Dari mulai ditanya "kapan nikah?" sampai "aku kenalin ya sama temanku". Dari mulai kakek-nenek sampai sahabat dekat. Semua orang seolah tidak tahan melakukan single-shaming pada perempuan jomblo di akhir usia 20-annya.
Kenapa ini sebuah shaming? Ya karena pertanyaan-pertanyaan itu memang membuat kami merasa diolok-olok. Malu, kesal, dan nggak tahu harus berkomentar apa lagi.
Punya pasangan di usia 20-an bukan keharusan
Banyak, kok, perempuan zaman sekarang yang baru menikah setelah masuk kepala tiga. Sudah berada di akhir 20-an bukan berarti nggak laku juga. Tidak ada satu pun lembaga baik negara ataupun agama yang mengharuskan perempuan menikah di usia 20-an dan tidak lebih.
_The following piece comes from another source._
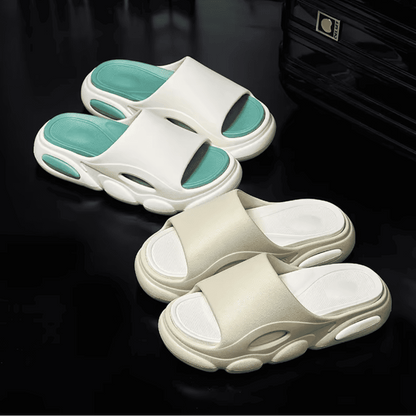 FORCIANO FEROX ultra-soft EVA height increasing slippers displayed as White-Green and Beige-White pairs on a dark background.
Nggak ada namanya istilah perawan tua
Istilah inilah yang membuat perempuan diburu-buru menikah, takut jadi perawan tua, belum disentuh pria sementara usianya sudah tua. Bela, sekarang tren usia pernikahan perempuan memang sudah bergeser, kok! Lebih banyak yang menikah di antara usia 28-34 tahun. Kabar baiknya, di usia tersebut mereka sudah matang secara emosional, sehingga lebih siap menjadi orangtua dan menjalani kehidupan rumah tangga.
Perempuan juga boleh fokus ke cita-cita dulu
Kalau ada laki-laki usia 20-an akhir belum punya pasangan dengan alasan fokus mengejar karier, orang-orang akan menganggap itu wajar, bahkan bagus. Sebaliknya kalau perempuan, "nggak usah terlalu ngoyo, kamu kan perempuan". Lho, perempuan juga sah-sah saja kalau mau fokus mengejar cita-cita dulu. Perempuan zaman sekarang harus bisa mandiri, dong, baik mandiri secara finansial maupun secara emosional.
Buat apa, sih, orang-orang meributkan status orang lain? Kalau punya harapan ya doakan dalam hati saja. Nggak perlu bertanya berulang kali, di depan orang banyak pula. Meski bentuknya doa "Semoga cepat dapat jodoh ya!" sering kali maknanya adalah sebuah olok-olok "Duh, keburu kamu jadi perawan tua!". Sedih, beneran!